From the line containing "Ράφια Τοίχου με" to the last line of the records, reproduce every line exactly and print nothing else.
***** Records for processing *****
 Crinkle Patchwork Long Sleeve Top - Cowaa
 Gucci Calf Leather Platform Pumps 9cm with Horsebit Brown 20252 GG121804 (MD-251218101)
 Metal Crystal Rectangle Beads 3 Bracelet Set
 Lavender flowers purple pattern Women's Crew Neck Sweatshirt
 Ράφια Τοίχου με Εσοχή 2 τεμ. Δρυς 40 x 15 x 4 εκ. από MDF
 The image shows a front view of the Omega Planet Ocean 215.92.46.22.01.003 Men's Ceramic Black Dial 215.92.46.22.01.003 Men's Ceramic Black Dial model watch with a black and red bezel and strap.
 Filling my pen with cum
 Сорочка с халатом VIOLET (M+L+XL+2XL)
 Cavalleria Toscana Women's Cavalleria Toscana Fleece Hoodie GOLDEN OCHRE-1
*****
Solution to this exercise:
 Ράφια Τοίχου με Εσοχή 2 τεμ. Δρυς 40 x 15 x 4 εκ. από MDF
 The image shows a front view of the Omega Planet Ocean 215.92.46.22.01.003 Men's Ceramic Black Dial 215.92.46.22.01.003 Men's Ceramic Black Dial model watch with a black and red bezel and strap.
 Filling my pen with cum
 Сорочка с халатом VIOLET (M+L+XL+2XL)
 Cavalleria Toscana Women's Cavalleria Toscana Fleece Hoodie GOLDEN OCHRE-1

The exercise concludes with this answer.